Task: For the records below, output word for word the lines from the one with "PATONA for iPhone" up to and including the one with "Serpentine Belt (1". No pictures.

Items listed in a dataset
========
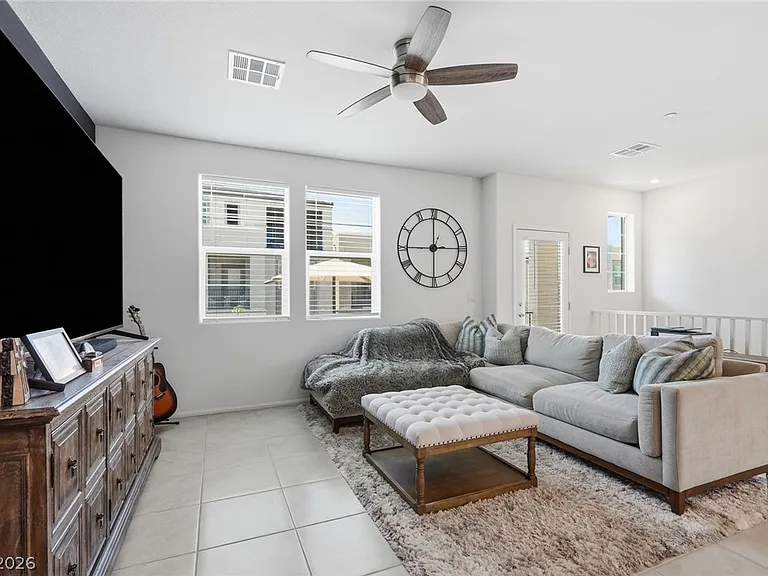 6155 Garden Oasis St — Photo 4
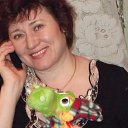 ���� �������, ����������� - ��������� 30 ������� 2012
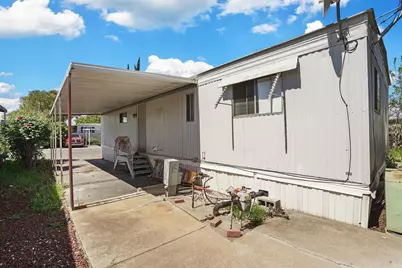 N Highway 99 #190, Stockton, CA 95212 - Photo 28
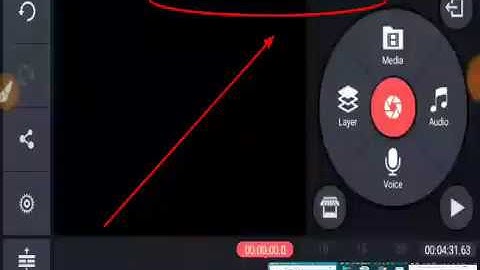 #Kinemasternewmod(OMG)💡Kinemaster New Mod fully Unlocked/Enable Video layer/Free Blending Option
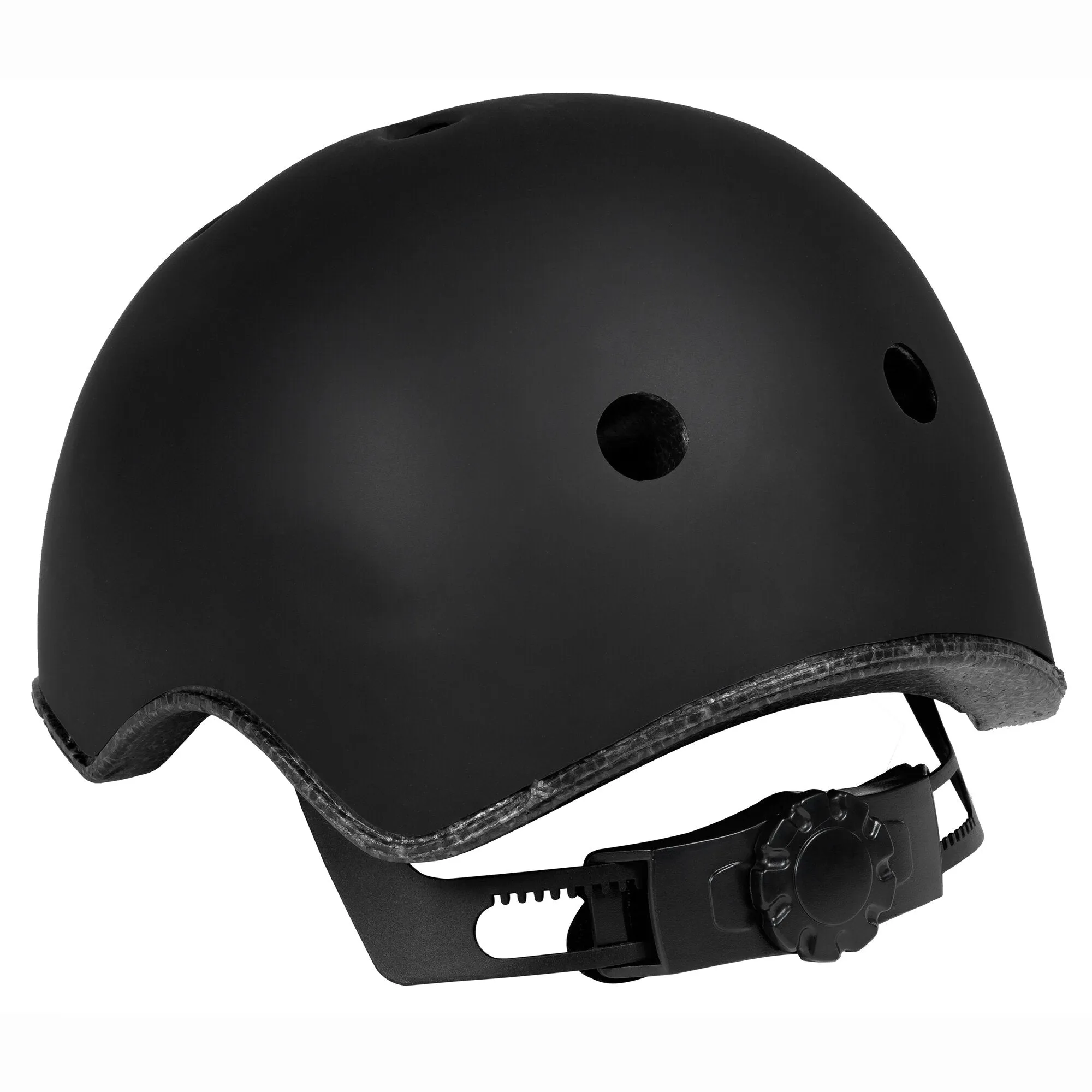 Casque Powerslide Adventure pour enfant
========
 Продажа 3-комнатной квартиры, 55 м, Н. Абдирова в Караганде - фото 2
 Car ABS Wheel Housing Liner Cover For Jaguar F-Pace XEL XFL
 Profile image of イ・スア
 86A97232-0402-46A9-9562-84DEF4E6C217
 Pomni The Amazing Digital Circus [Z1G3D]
========
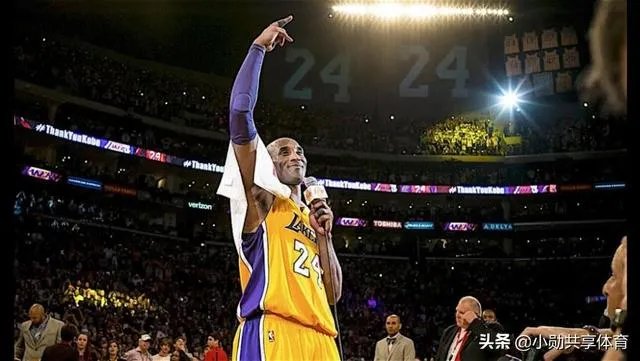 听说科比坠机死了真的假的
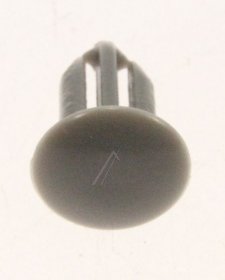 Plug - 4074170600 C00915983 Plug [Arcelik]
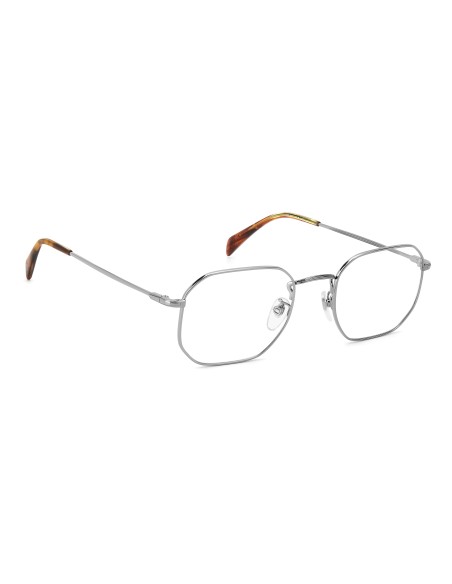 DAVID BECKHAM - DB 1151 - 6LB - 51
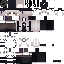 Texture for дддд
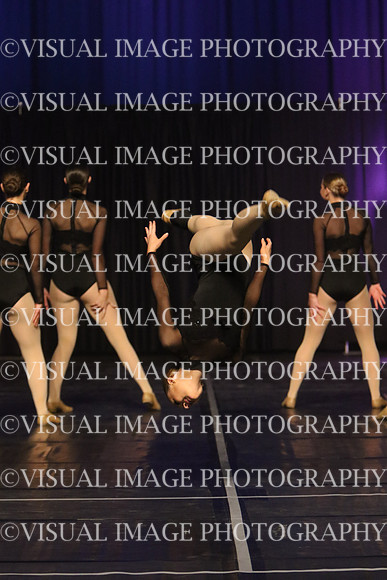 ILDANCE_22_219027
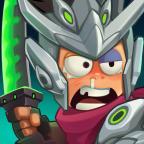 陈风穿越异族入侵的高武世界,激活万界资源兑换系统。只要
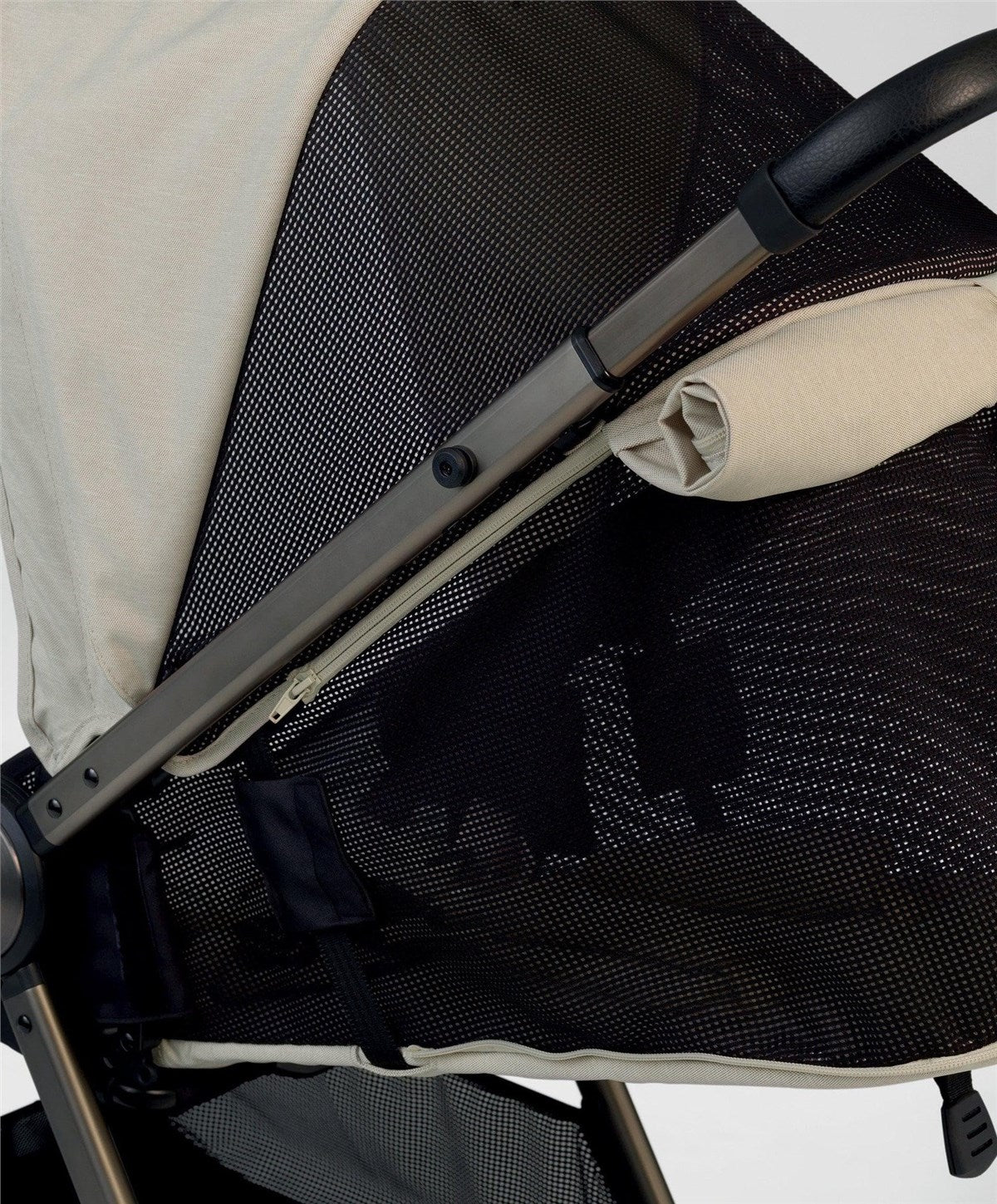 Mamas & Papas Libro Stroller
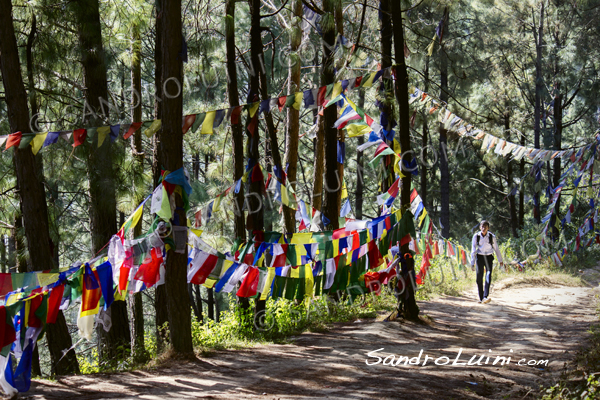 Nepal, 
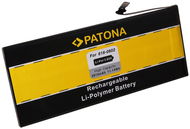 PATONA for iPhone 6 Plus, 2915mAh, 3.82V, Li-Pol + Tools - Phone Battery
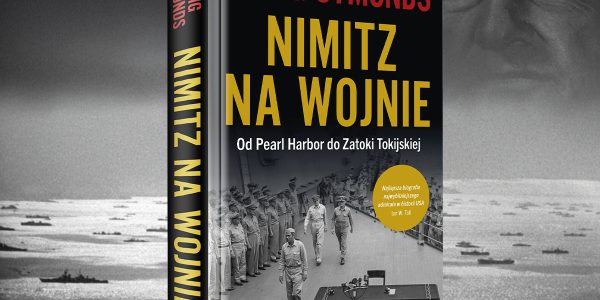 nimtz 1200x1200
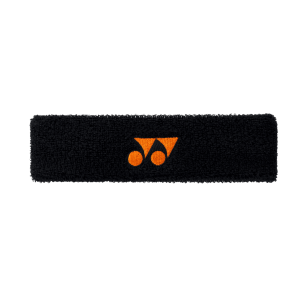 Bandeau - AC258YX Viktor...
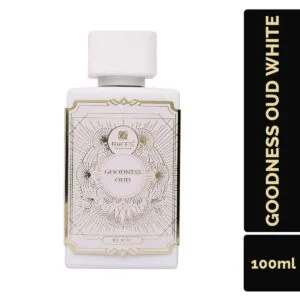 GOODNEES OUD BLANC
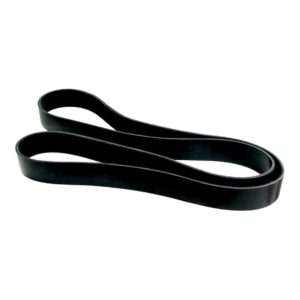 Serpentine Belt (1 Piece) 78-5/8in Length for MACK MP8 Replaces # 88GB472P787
========
Exercise output:
 PATONA for iPhone 6 Plus, 2915mAh, 3.82V, Li-Pol + Tools - Phone Battery
 nimtz 1200x1200
 Bandeau - AC258YX Viktor...
 GOODNEES OUD BLANC
 Serpentine Belt (1 Piece) 78-5/8in Length for MACK MP8 Replaces # 88GB472P787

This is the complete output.